• _Directions_
Exact retyping of the data: please keep every word and drop each picture.

(Short text fragments from websites)

"""

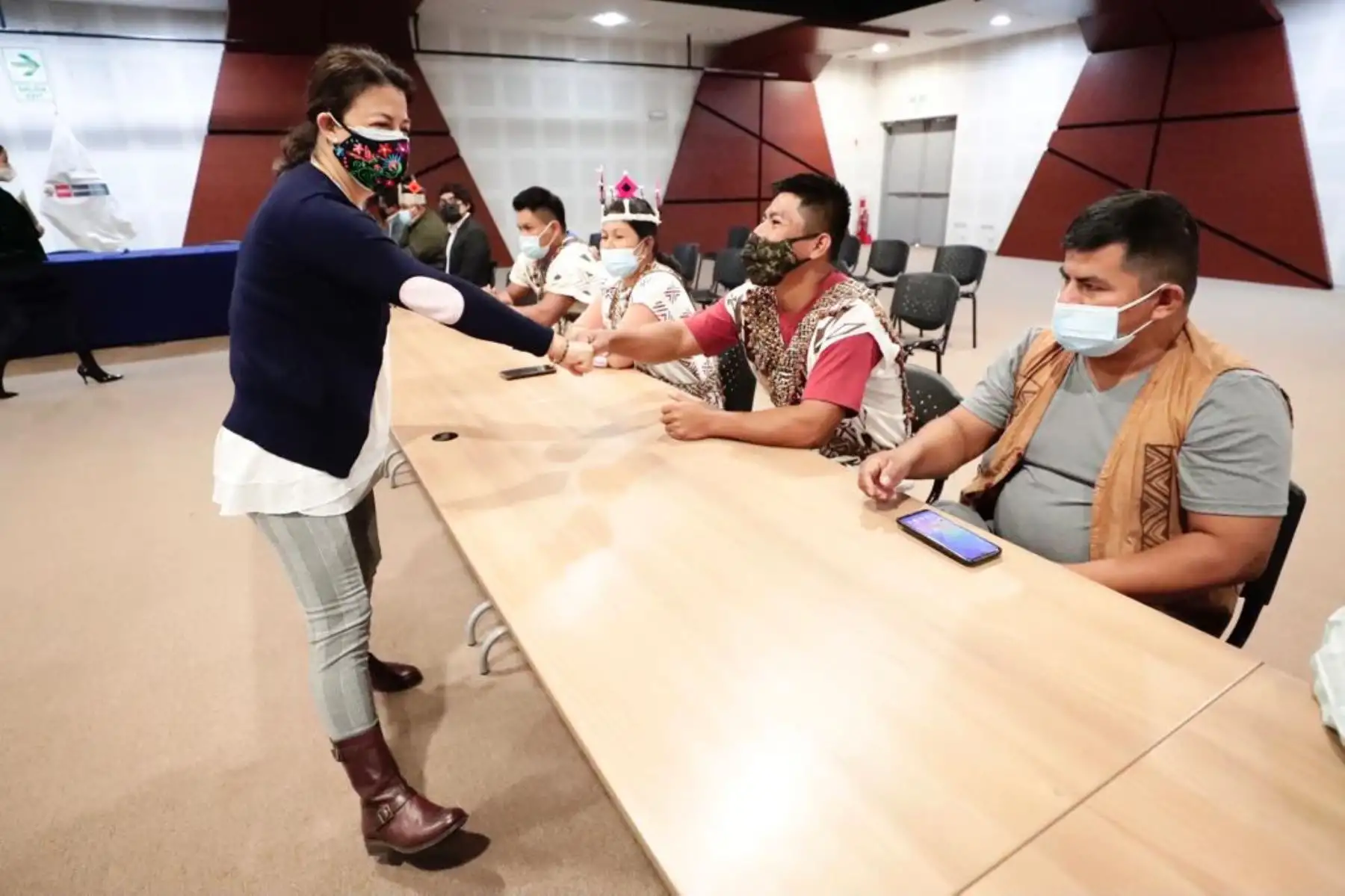 La ministra de Cultura, Gisela Ortiz, sostuvo una reunión con líderes del pueblo kakataibo. Foto: Ministerio de Cultura/Difusión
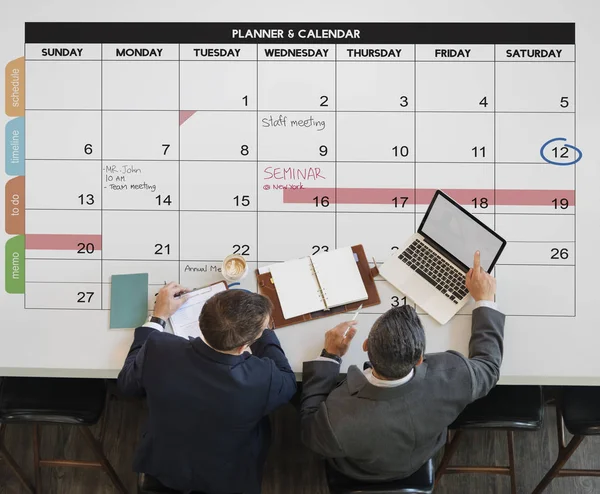 birlikte çalışan iş adamları 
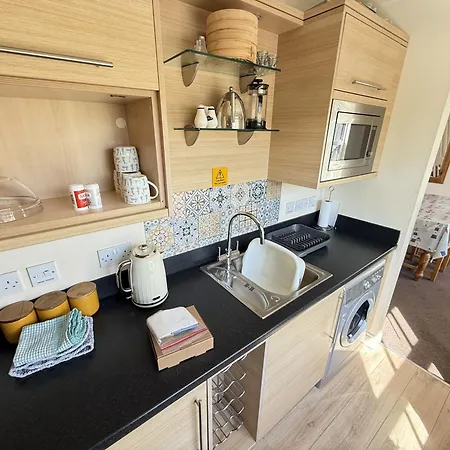 Ferienhaus Lighthouse - Part Of The The Bay Village With Pool, Gym And Direct Access, Pub, Restaurant, Tennis And Meadows Walks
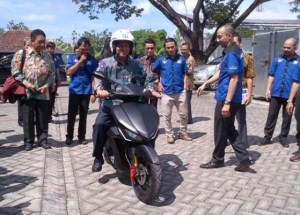 Skuter Listrik Nasional - Gesits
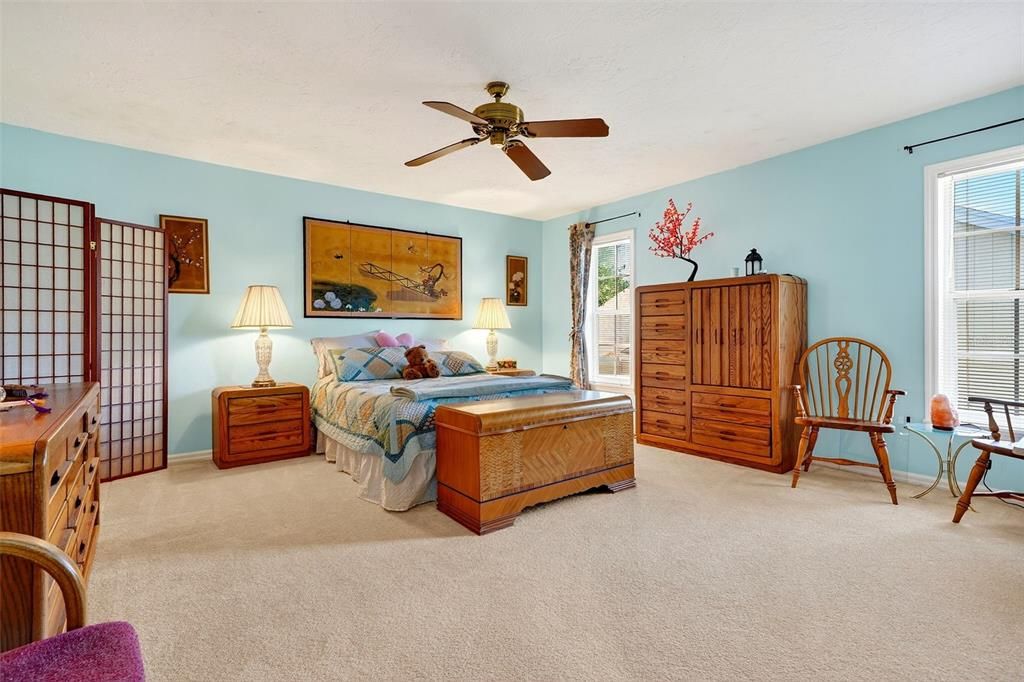 For Sale: $875,000 (4 beds, 2 baths, 2789 Square Feet)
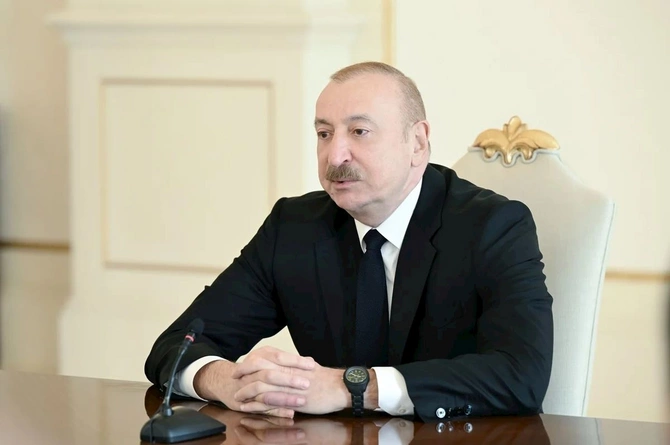İlham Əliyev Avropa çempionatında komanda hesabında çempion olan güləşçiləri qəbul edib — FOTOLAR (YENİLƏNİB) İlham Əliyev Avropa çempionatında komanda hesabında çempion olan güləşçiləri qəbul edib — FOTOLAR (YENİLƏNİB)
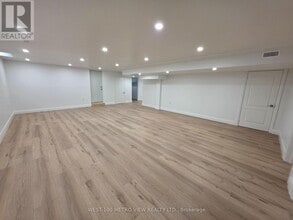 250 Sunset Ridge in Vaughan, ON - Building Photo - Building Photo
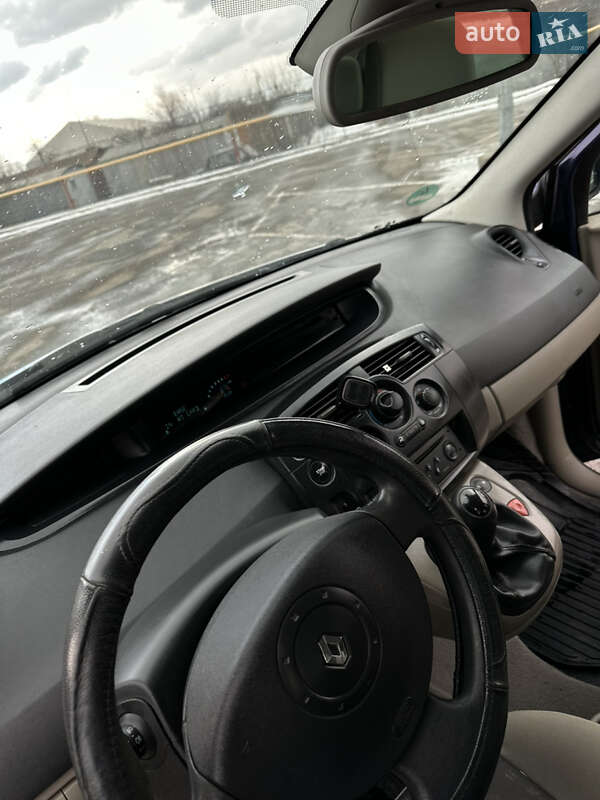 Мінівен Renault Scenic 2004 в Івано-Франківську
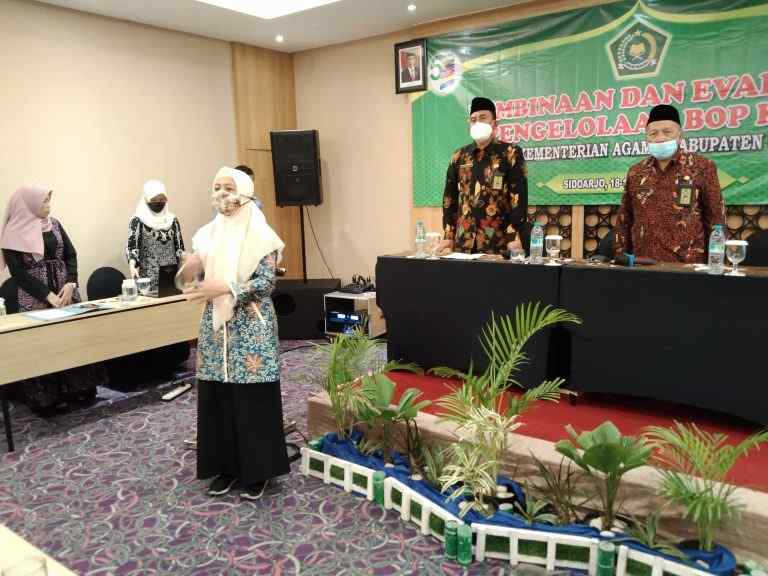 Pembinaan dan Evaluasi Pengelolaan Bantuan Operasional Perkantoran (BOP) KUA Tahun 2021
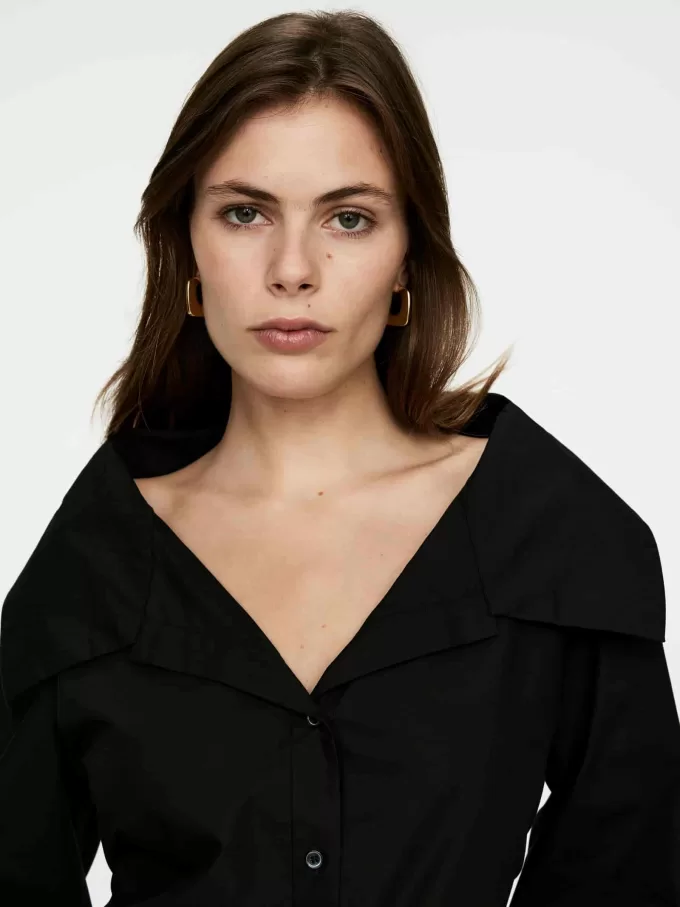 Bluse mit weitem Kragen Bluse mit weitem Kragen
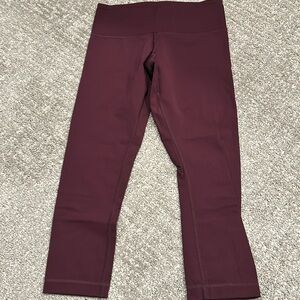 Burgundy Lululemon capris!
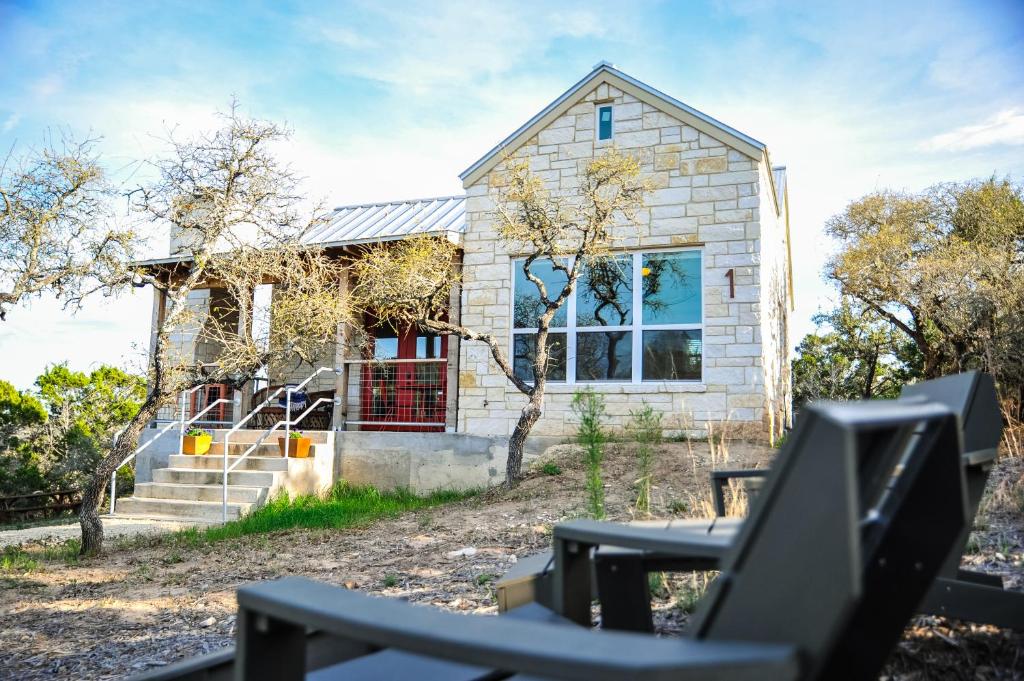 Hill Country Casitas image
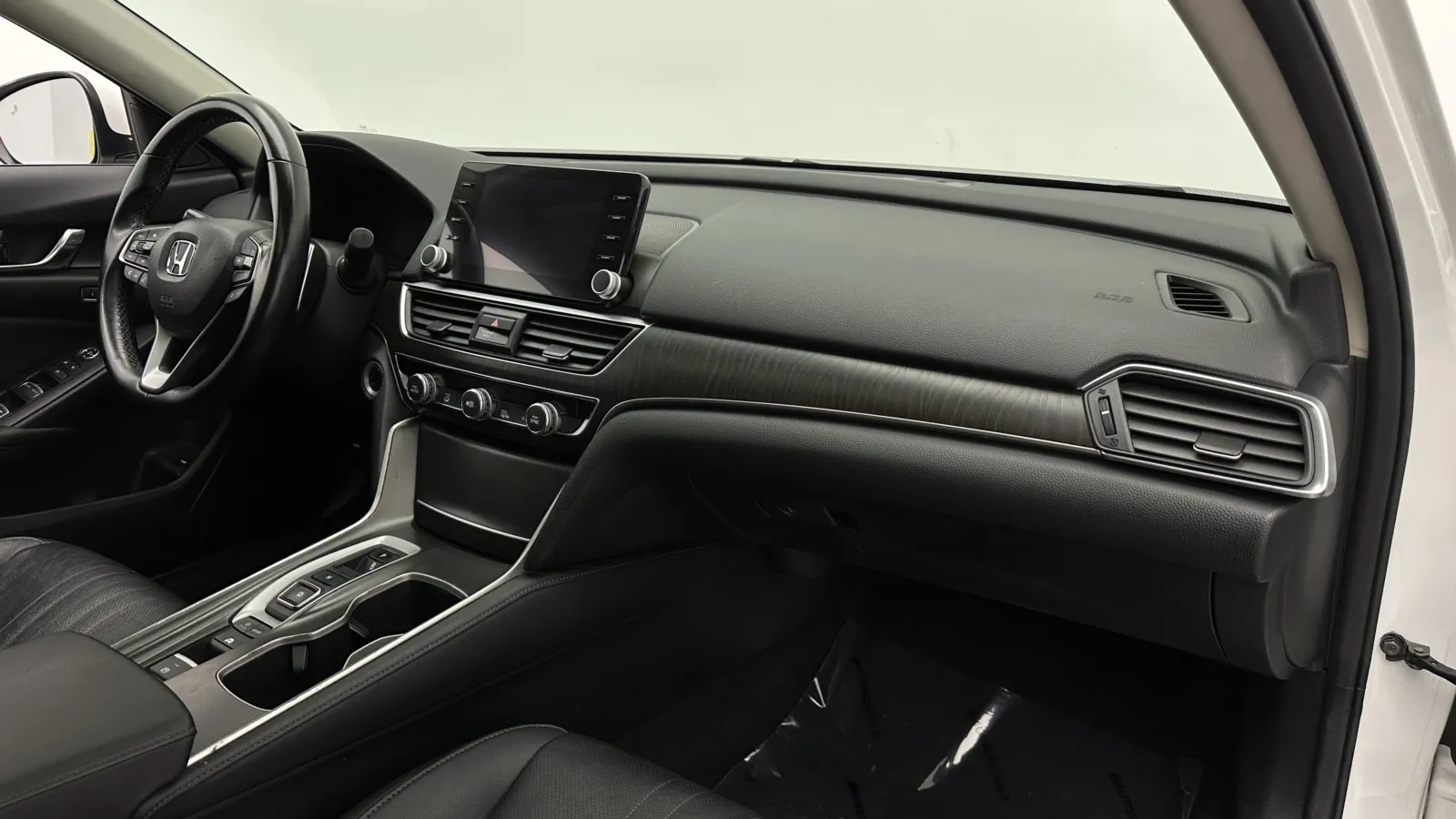 Honda Accord photo 36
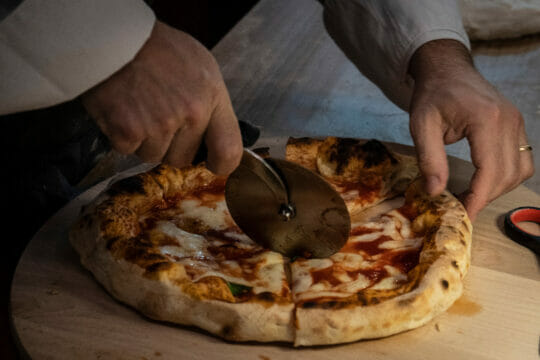 Strepitoso successo per “Pizza in Terrazza” al Gold Tower Lifestyle Hotel: un incontro di sapori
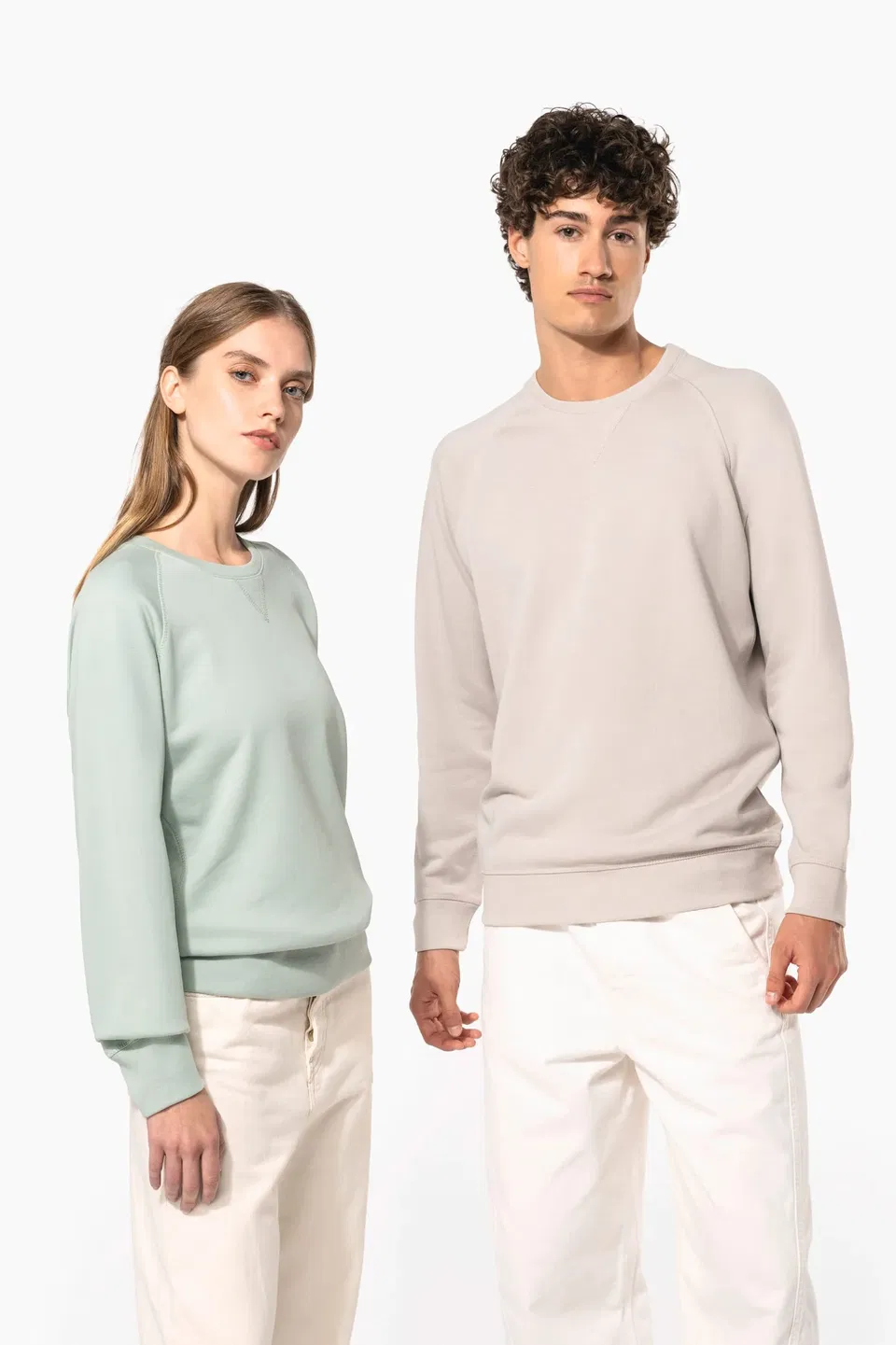 Sudadera algodón orgánico con cuello redondo y mangas raglán de hombre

"""

• _Expected answer_
 La ministra de Cultura, Gisela Ortiz, sostuvo una reunión con líderes del pueblo kakataibo. Foto: Ministerio de Cultura/Difusión
 birlikte çalışan iş adamları 
 Ferienhaus Lighthouse - Part Of The The Bay Village With Pool, Gym And Direct Access, Pub, Restaurant, Tennis And Meadows Walks
 Skuter Listrik Nasional - Gesits
 For Sale: $875,000 (4 beds, 2 baths, 2789 Square Feet)
İlham Əliyev Avropa çempionatında komanda hesabında çempion olan güləşçiləri qəbul edib — FOTOLAR (YENİLƏNİB) İlham Əliyev Avropa çempionatında komanda hesabında çempion olan güləşçiləri qəbul edib — FOTOLAR (YENİLƏNİB)
 250 Sunset Ridge in Vaughan, ON - Building Photo - Building Photo
 Мінівен Renault Scenic 2004 в Івано-Франківську
 Pembinaan dan Evaluasi Pengelolaan Bantuan Operasional Perkantoran (BOP) KUA Tahun 2021
 Bluse mit weitem Kragen Bluse mit weitem Kragen
 Burgundy Lululemon capris!
 Hill Country Casitas image
 Honda Accord photo 36
 Strepitoso successo per “Pizza in Terrazza” al Gold Tower Lifestyle Hotel: un incontro di sapori
 Sudadera algodón orgánico con cuello redondo y mangas raglán de hombre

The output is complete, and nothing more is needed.